As I was sorting through some pictures for a lecture I’m giving (brownfield ecology, no lice there), I came across several close-ups of head lice I’d taken when we had an infestation some years ago. The nymphs were really too tiny, even for a macro lens, so I’d kept an adult alive in a small glass tube. A twist of damp tissue prevented it drying out, and I kept it in my trouser pocket to keep it safe and warm.
Plonking it down onto a piece of art paper made the right background in terms of colour balance, but the louse was lost against the flatness and struggled to move. It did not look right. Then I remembered the clippings from the kids’ haircuts a few days earlier. We’d thrown them out into the garden. I don’t know, something to do with improving the tilth of the soil maybe. Anyway, the cuttings were still there and I rescued some sprigs, scattered them on the paper and released the louse.
It was remarkably active, considering it had not eaten for several hours; but I put this down to the fact that I had been keeping it in safe and humane conditions. It shot off across the strands at top speed. From memory, I’m guessing it moved at about 2 cm/sec. This was enough to make it quite interesting trying to get the thing in focus as I chased it back and forth across the jumbled strands. It also reminded me why head lice are so difficult to spot on a cursory examination of the dry scalp, and how easily they can scramble over from one victim to another.

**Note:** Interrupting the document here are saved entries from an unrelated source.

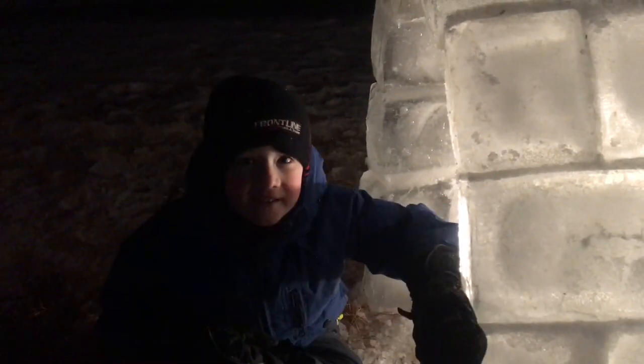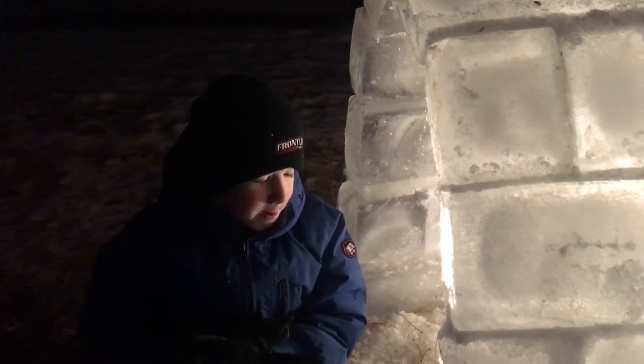It came out awesome! It has a light bulb inside — good.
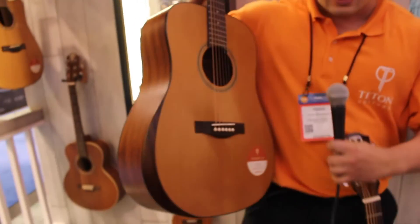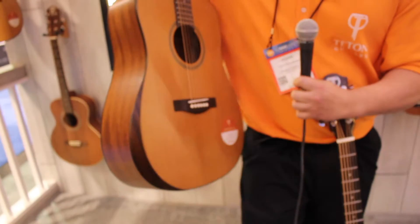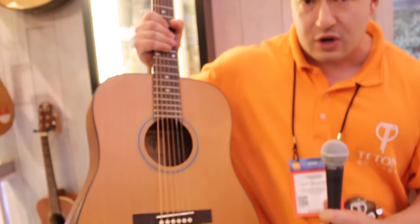And over here, new for us, is the armrest series. Now we've had this series for a while, and we've decided to expand it into the 105 series, making it super affordable. These guitars are super comfortable.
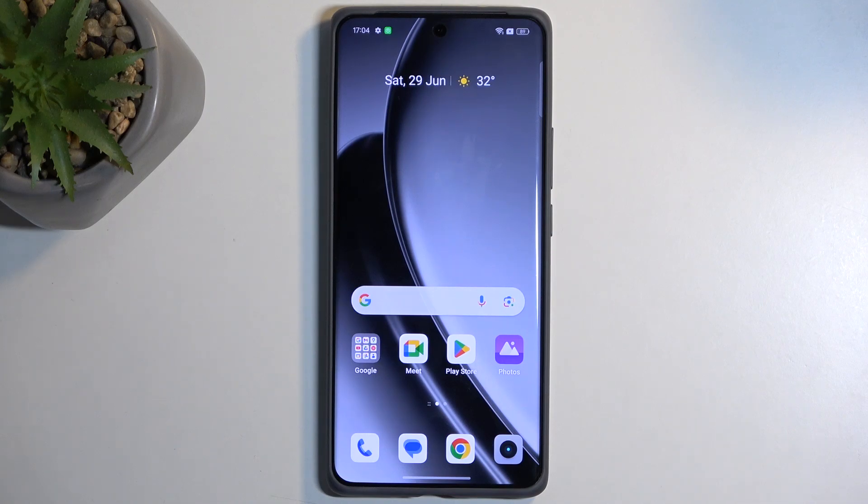Welcome. In front of me is the Realme GT6, and today I will show you how you can boot this device into recovery mode.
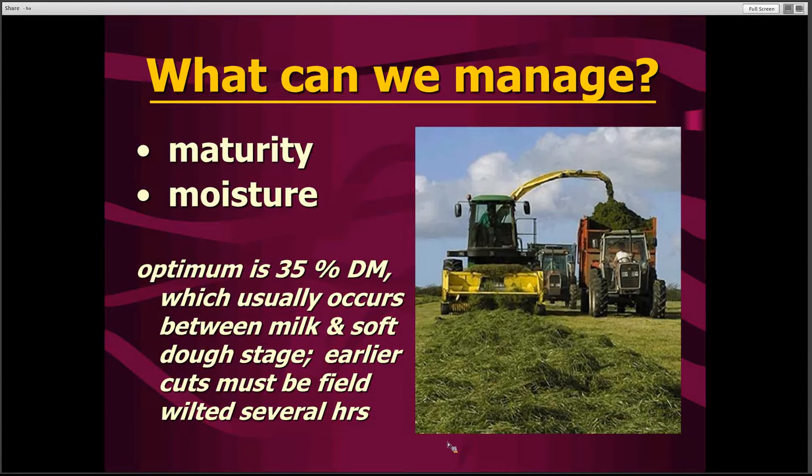If we wait too long and let the silage get too dry, then we're going to get silage that's so dry it won't pack well, it won't ferment well, and as a result we may not get a very good feed — won't get a very good fermentation. It could have quite a bit of spoilage.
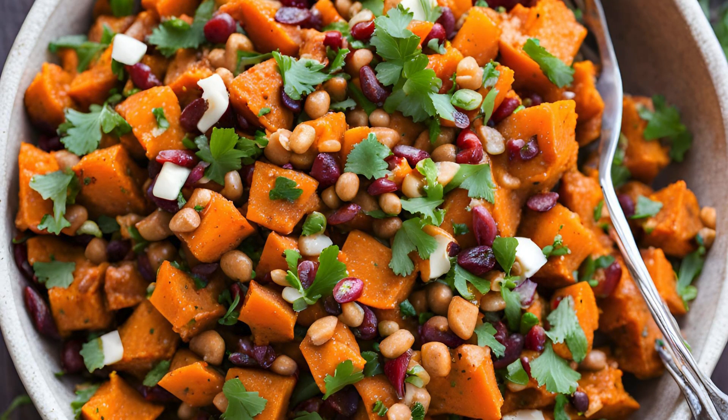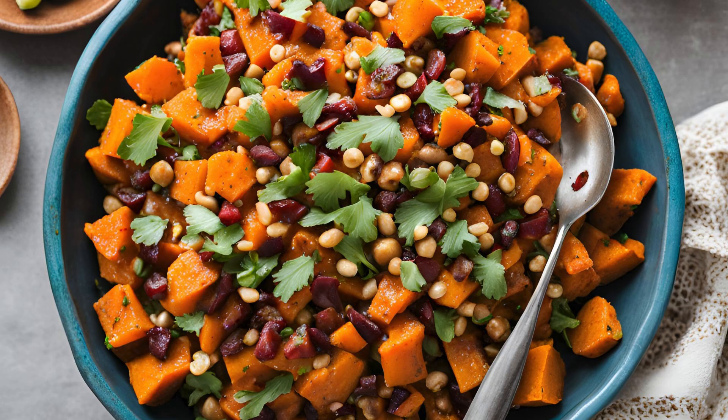Start by roasting the sweet potatoes. Preheat your oven to 400 degrees Fahrenheit (200 degrees Celsius), toss the diced sweet potatoes with olive oil, salt, and pepper, and spread them out on a baking sheet. Roast for about 25–30 minutes, or until tender and lightly caramelized. This step enhances their natural sweetness and gives them a beautiful golden color.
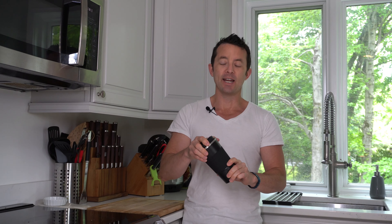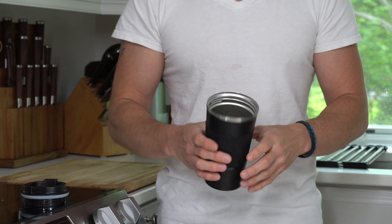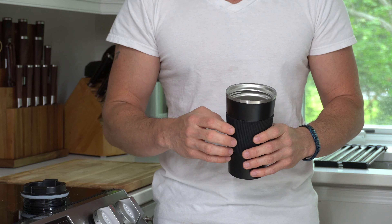The cup is light but has a real solid feel to it. It has dual wall vacuum insulation and a non-leak design. The interior is made of 304 stainless steel, and because of the insulation, it's going to keep your coffee hot for up to three hours and iced beverages up to four hours.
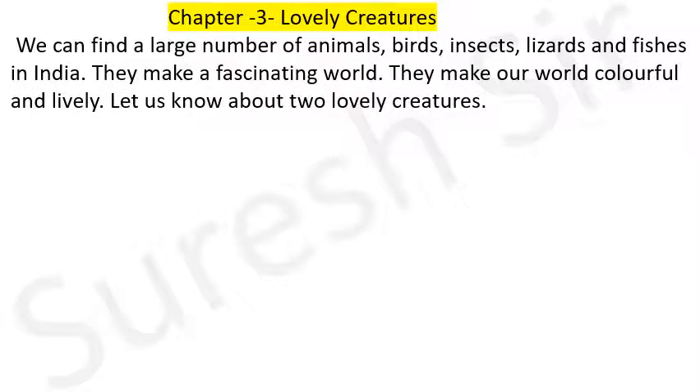Hello children. Now I am going to teach you chapter 3, Lovely Creature. It is about our world. We can find a large number of animals, birds, insects, lizards and fishes in India. We can find a fascinating world. They make our world colorful and lively.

What I had in my favour, though, was the fact that the head louse never once let go of the hairs. It ran backwards and forwards, up and down, left and right, exploring every inch of its manufactured backdrop, but it had nowhere else to go; it was trapped. Because, of course, for a louse, letting go is suicide.
Head lice are tiny compared to humans, they are perhaps one hundred millionth the size of their host. If they let go for an instant, they will get injured, or they will get lost. Either way, they will be dead. Head lice do not wander off across the pillow looking for another head to invade, nor do they sit on chair backs, or shoulders, hoping for another hairy human to stroll past so that they can scramble aboard. Within minutes they will start to cool down, and dehydrate. Their body movements will slow, their internal metabolism will start to fail and all the complex physiological workings of their bodies will start to corrupt. After a couple of hours away from its warm moist scalp home, the louse is beyond recovery; its legs may still twitch, but they are its last desperate gropings. No, if a louse lets go, it is as good as dead.